**INSTRUCTIONS FOR THE TASK:**
Return the lines of the data below starting at the one holding "Суханова, 11 — newsvl.ru" and ending at the one holding "LED Плафон SAMER LED/24W/230V 4000K", word for word, leaving every picture out.

**AVAILABLE DATA:**

---+---

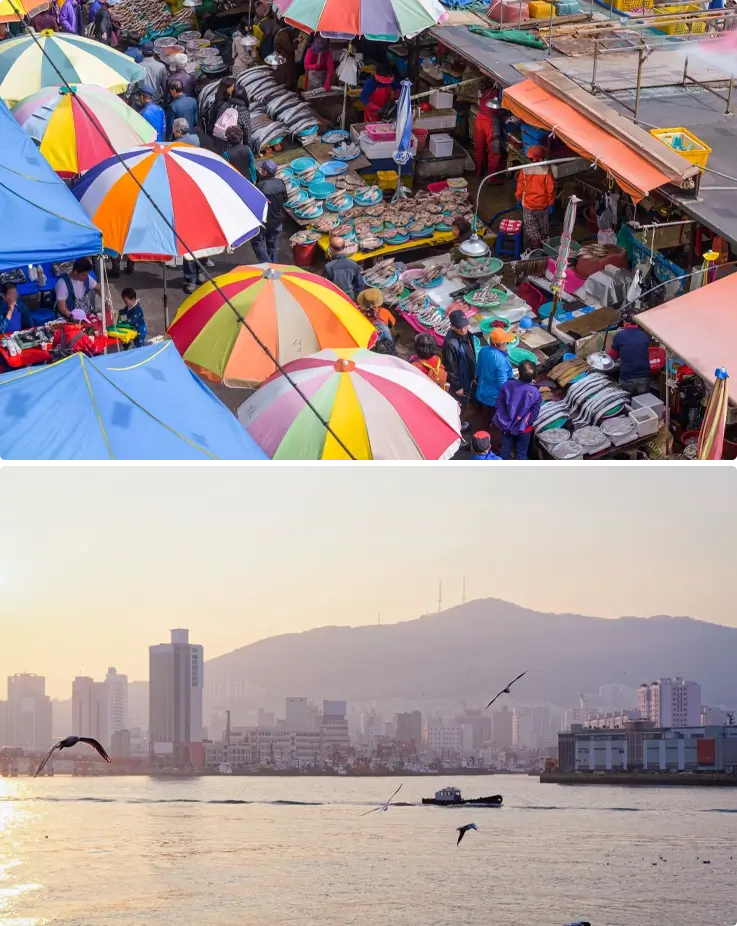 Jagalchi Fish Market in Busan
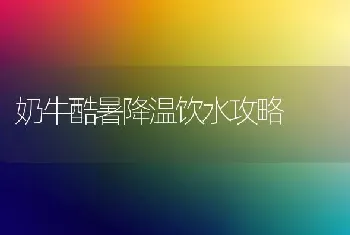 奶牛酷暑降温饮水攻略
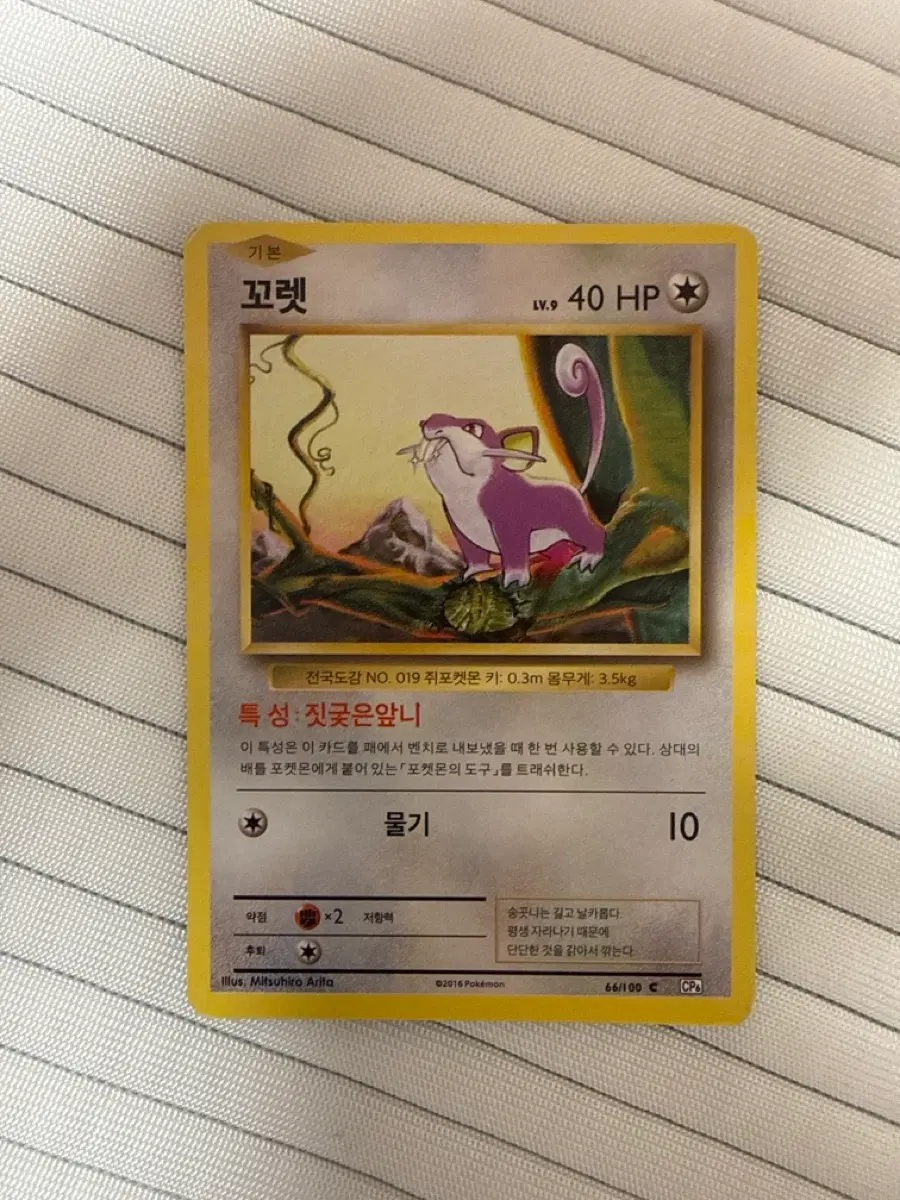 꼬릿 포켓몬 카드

---+---

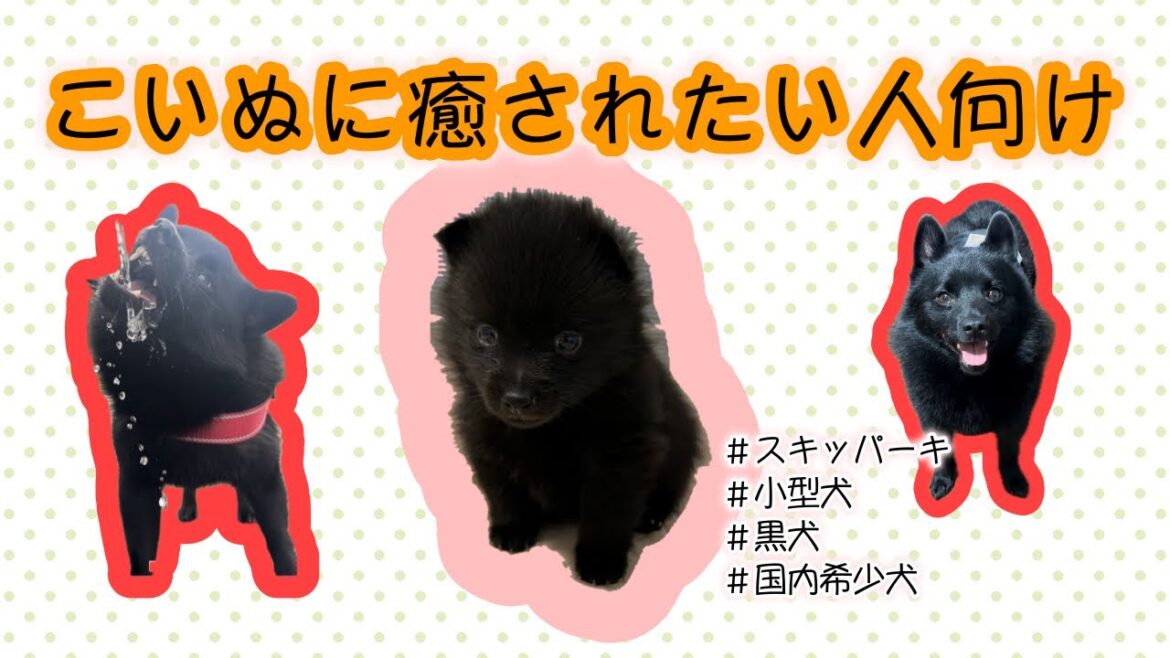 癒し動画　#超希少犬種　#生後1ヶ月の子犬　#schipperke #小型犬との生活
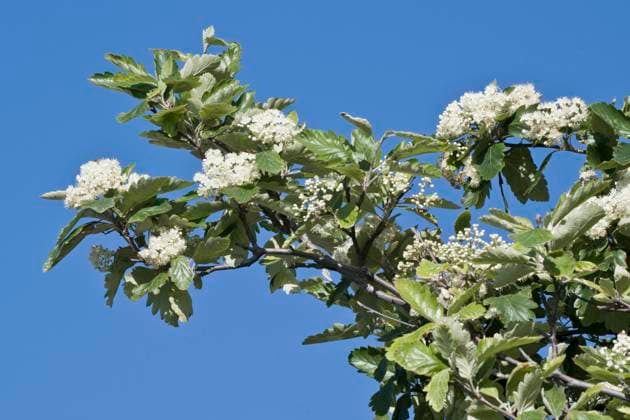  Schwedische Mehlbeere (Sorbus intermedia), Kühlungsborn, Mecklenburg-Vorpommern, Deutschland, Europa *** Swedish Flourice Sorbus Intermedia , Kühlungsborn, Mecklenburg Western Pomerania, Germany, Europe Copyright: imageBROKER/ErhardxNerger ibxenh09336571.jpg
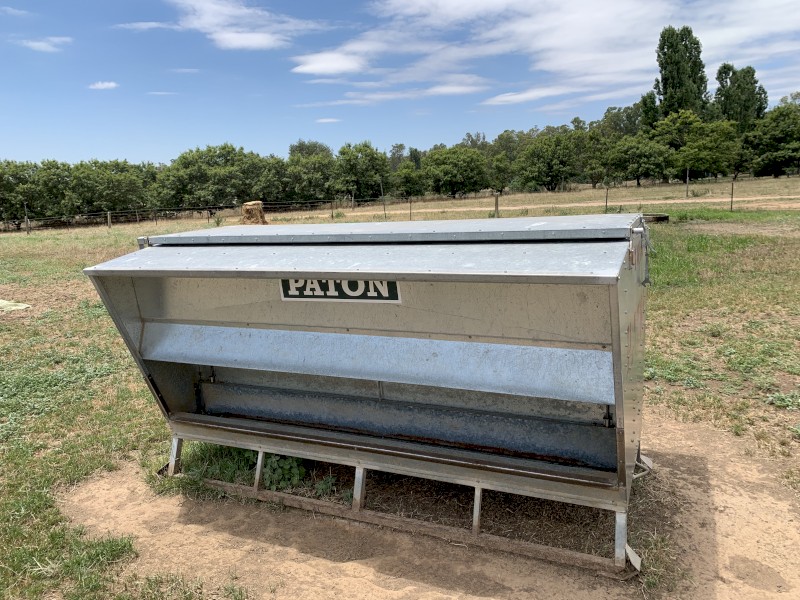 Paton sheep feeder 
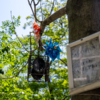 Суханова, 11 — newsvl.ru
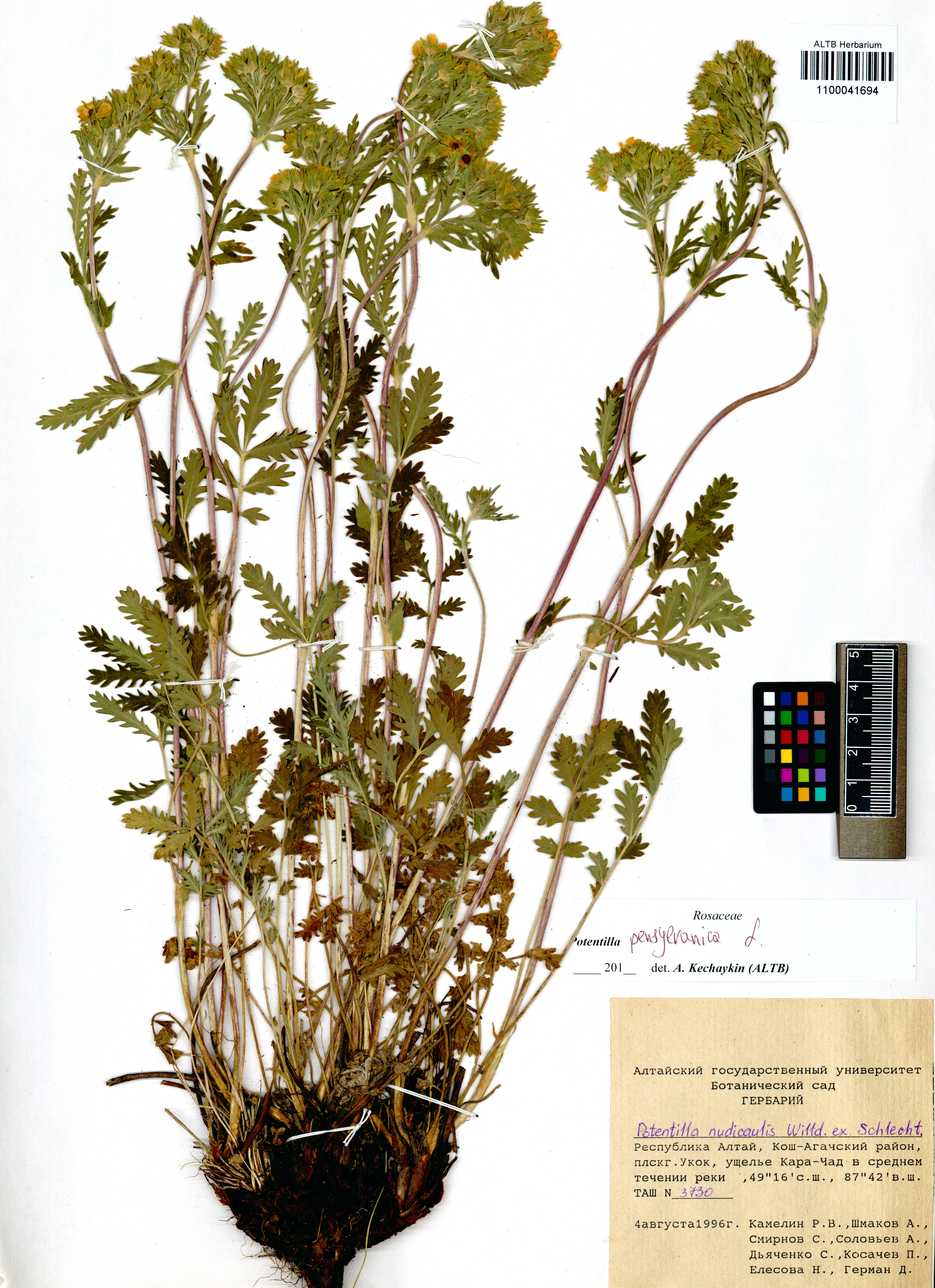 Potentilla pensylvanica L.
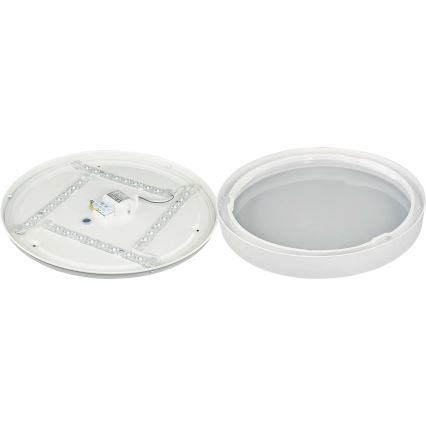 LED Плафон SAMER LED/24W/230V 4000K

---+---

**RESPONSE FOR THIS EXERCISE:**
 Суханова, 11 — newsvl.ru
 Potentilla pensylvanica L.
 LED Плафон SAMER LED/24W/230V 4000K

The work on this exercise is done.